I love how in the pictures, Donnie's eyes never leave the humidor. But I'll be the first one to admit, if that was mine, I wouldn't be able to stop staring either!! Awesome humidor, awesome BOTLs, its all just AWESOME!


----------



## Habanolover (Feb 22, 2006)

smelvis said:


> Um Donnie
> Can I come over and play???


I'll leave the light on Dave! 

Thanks guys. It truly is a beautiful piece of art and I am very proud to own it.
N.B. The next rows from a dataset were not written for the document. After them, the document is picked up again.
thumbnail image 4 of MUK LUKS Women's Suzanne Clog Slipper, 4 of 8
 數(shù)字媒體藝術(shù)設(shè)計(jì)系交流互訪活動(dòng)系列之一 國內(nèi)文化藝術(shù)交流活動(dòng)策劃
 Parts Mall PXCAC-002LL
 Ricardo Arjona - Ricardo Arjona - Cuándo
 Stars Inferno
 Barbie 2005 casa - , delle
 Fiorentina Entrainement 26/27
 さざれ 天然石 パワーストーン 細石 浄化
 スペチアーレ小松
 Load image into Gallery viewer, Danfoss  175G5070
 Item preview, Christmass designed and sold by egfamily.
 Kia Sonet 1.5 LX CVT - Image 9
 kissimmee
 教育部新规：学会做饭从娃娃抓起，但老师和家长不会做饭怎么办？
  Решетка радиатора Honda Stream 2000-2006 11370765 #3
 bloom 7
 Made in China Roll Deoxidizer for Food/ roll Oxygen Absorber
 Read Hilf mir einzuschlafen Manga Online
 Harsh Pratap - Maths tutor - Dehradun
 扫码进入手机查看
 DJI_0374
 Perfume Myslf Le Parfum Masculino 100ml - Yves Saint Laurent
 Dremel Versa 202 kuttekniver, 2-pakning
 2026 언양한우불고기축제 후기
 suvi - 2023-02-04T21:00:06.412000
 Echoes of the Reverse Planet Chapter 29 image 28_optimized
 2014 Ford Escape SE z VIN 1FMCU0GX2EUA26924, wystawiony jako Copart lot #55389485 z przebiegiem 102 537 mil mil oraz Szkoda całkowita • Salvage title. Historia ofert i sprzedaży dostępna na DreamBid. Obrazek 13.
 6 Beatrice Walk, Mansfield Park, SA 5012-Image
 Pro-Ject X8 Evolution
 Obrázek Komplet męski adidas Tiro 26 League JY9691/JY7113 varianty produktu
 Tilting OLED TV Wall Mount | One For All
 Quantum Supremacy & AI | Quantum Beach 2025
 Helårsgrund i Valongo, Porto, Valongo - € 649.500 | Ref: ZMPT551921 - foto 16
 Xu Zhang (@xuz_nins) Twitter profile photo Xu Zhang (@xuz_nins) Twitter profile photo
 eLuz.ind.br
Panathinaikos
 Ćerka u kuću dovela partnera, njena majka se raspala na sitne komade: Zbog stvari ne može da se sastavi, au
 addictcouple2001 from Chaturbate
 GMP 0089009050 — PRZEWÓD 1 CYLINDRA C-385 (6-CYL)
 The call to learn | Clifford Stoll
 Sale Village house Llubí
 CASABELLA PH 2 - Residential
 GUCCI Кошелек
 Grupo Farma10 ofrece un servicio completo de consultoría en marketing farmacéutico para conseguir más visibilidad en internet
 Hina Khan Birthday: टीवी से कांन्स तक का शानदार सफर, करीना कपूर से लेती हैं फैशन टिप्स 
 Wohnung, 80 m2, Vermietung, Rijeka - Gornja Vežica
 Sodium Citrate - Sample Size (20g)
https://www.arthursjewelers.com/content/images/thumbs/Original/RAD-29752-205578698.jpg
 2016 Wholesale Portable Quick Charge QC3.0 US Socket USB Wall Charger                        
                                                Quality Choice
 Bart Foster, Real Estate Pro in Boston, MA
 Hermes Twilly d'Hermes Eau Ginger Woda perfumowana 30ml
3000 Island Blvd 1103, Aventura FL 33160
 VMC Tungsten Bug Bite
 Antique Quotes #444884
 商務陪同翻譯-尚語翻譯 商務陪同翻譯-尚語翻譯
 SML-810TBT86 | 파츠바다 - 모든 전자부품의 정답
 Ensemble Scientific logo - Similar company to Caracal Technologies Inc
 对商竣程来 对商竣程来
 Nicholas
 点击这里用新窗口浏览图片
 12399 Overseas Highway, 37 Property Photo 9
And just think, when I die someone on the forum will get it unless Ed wants it back. :tu


----------



## Johnny Rock (Jun 25, 2010)

LOL, great little collection there Donnie, did I spot a Tiparillo in there???


----------



## firehousearms (Jun 1, 2011)

Truly a gorgeous work of Art Ed, and it's only fitting that Donnie compliments it so well with special sticks. What an awesome thread and idea.


----------



## ptpablo (Aug 22, 2010)

Congrats Donnie on that special peace and an outstanding job Ed on that work of art!!!


----------



## Fatboy501 (May 11, 2011)

Awesome humi, and awesome sticks. I can't even begin to fathom the flavor profile of a 20 year old stick, let alone the older ones.


----------



## Mr_mich (Sep 2, 2010)

Congrats Donnie, that is an amazing humidor!


----------



## CigarMike (May 7, 2011)

Damn. That is one sexy beast(im talking about the humidor). Good job and congrats.


----------